In the listing below, the lines starting with the line with "DOBILA DETE SA" and going on through the line with "due candelabri antichi" are to be reproduced exactly, and only those.
---------- Entries shown ----------
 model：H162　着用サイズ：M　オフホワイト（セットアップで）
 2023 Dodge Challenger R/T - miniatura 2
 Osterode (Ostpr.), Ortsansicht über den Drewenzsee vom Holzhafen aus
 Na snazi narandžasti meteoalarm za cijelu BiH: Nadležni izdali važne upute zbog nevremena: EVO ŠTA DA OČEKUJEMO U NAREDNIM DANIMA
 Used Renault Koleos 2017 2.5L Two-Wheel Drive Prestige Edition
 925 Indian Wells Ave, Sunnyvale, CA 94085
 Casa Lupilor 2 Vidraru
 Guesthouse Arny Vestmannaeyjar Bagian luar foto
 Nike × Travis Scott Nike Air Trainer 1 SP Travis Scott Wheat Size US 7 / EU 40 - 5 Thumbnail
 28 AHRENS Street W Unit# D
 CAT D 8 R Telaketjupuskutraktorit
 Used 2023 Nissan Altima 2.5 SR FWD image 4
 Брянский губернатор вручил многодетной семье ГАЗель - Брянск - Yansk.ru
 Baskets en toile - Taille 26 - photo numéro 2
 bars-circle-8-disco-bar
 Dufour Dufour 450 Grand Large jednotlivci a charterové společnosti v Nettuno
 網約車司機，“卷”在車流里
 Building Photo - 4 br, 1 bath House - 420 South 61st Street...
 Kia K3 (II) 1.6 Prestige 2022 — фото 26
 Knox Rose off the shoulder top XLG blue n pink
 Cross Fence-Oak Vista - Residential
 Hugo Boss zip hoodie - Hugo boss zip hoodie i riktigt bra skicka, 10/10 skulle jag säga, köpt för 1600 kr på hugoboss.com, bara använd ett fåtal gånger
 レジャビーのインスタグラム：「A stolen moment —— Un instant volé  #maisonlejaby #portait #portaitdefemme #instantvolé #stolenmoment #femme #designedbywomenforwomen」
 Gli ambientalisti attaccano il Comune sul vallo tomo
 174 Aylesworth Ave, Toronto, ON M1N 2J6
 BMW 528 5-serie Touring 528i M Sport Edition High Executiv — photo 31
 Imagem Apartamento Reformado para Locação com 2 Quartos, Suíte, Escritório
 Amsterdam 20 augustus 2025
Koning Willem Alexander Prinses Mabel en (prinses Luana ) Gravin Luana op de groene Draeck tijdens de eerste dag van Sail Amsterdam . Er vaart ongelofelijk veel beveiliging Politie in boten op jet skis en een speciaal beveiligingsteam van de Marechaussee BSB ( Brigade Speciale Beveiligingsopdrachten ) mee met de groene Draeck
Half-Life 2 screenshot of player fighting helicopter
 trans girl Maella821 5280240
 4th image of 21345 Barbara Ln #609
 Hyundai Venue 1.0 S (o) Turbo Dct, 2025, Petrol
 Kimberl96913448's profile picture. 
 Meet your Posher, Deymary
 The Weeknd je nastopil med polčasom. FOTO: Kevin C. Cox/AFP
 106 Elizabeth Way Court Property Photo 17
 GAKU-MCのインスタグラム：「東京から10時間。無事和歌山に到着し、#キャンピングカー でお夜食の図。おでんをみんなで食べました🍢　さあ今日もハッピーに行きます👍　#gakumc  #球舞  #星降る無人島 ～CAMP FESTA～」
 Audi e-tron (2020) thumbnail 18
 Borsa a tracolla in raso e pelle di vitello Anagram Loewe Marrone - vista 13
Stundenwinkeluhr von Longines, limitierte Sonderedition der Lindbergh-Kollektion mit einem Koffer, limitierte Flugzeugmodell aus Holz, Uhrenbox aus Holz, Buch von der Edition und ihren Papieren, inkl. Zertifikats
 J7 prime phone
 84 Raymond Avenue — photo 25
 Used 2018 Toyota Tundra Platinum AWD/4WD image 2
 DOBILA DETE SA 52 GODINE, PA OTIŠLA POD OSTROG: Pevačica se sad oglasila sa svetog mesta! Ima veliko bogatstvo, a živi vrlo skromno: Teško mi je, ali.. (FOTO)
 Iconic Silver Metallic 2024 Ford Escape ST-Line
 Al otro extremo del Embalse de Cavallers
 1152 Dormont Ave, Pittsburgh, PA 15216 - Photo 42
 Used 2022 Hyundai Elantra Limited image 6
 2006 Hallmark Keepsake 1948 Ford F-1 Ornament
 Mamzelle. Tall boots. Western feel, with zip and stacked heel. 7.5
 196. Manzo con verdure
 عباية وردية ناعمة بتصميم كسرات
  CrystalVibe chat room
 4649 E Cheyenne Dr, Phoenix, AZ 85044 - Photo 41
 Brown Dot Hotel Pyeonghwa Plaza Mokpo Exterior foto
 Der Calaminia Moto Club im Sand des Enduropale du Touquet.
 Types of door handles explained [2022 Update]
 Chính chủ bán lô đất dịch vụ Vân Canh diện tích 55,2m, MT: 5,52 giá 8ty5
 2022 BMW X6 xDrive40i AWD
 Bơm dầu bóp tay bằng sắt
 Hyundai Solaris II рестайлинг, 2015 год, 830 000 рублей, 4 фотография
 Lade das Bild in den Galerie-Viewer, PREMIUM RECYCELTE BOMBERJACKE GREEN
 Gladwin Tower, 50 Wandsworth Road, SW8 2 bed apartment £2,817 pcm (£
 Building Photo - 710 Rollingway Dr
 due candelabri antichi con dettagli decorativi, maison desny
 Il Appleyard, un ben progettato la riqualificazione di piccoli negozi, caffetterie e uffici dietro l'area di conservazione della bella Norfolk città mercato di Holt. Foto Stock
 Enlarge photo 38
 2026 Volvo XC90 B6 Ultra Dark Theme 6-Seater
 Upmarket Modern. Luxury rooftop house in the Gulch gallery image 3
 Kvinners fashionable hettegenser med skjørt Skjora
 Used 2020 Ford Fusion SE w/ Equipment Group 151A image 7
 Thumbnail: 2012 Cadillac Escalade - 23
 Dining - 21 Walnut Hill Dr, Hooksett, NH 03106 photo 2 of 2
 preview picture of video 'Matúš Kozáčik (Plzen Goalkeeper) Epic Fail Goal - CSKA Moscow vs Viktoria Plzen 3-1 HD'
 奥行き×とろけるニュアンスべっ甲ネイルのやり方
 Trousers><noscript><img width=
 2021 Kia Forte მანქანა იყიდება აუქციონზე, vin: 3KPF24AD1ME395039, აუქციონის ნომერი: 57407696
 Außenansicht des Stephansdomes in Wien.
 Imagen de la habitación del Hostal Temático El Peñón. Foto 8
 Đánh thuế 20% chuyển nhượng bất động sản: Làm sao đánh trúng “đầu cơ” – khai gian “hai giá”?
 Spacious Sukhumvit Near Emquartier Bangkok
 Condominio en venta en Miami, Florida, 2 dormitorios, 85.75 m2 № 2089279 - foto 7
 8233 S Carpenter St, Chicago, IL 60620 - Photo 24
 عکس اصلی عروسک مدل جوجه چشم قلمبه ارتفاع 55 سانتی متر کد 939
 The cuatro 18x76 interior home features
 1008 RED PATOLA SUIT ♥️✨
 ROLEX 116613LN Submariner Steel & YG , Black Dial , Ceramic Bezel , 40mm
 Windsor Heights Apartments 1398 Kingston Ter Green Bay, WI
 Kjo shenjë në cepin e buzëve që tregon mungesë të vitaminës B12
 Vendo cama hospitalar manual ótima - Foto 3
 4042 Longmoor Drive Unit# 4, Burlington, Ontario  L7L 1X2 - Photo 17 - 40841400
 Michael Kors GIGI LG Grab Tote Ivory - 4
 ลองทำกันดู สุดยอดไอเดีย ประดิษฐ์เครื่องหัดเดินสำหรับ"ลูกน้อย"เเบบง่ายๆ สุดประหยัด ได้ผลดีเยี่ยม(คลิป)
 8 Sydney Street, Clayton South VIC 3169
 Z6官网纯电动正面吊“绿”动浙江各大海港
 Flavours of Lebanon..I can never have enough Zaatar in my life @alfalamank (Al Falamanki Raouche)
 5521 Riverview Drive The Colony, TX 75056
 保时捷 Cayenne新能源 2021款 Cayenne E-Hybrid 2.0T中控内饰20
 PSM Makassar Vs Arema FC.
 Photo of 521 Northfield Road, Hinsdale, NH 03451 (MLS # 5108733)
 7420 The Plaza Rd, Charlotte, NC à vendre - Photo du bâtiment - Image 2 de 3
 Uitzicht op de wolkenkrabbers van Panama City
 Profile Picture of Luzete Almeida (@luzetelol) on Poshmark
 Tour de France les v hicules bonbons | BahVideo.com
----------
**Response box**:
 DOBILA DETE SA 52 GODINE, PA OTIŠLA POD OSTROG: Pevačica se sad oglasila sa svetog mesta! Ima veliko bogatstvo, a živi vrlo skromno: Teško mi je, ali.. (FOTO)
 Iconic Silver Metallic 2024 Ford Escape ST-Line
 Al otro extremo del Embalse de Cavallers
 1152 Dormont Ave, Pittsburgh, PA 15216 - Photo 42
 Used 2022 Hyundai Elantra Limited image 6
 2006 Hallmark Keepsake 1948 Ford F-1 Ornament
 Mamzelle. Tall boots. Western feel, with zip and stacked heel. 7.5
 196. Manzo con verdure
 عباية وردية ناعمة بتصميم كسرات
  CrystalVibe chat room
 4649 E Cheyenne Dr, Phoenix, AZ 85044 - Photo 41
 Brown Dot Hotel Pyeonghwa Plaza Mokpo Exterior foto
 Der Calaminia Moto Club im Sand des Enduropale du Touquet.
 Types of door handles explained [2022 Update]
 Chính chủ bán lô đất dịch vụ Vân Canh diện tích 55,2m, MT: 5,52 giá 8ty5
 2022 BMW X6 xDrive40i AWD
 Bơm dầu bóp tay bằng sắt
 Hyundai Solaris II рестайлинг, 2015 год, 830 000 рублей, 4 фотография
 Lade das Bild in den Galerie-Viewer, PREMIUM RECYCELTE BOMBERJACKE GREEN
 Gladwin Tower, 50 Wandsworth Road, SW8 2 bed apartment £2,817 pcm (£
 Building Photo - 710 Rollingway Dr
 due candelabri antichi con dettagli decorativi, maison desny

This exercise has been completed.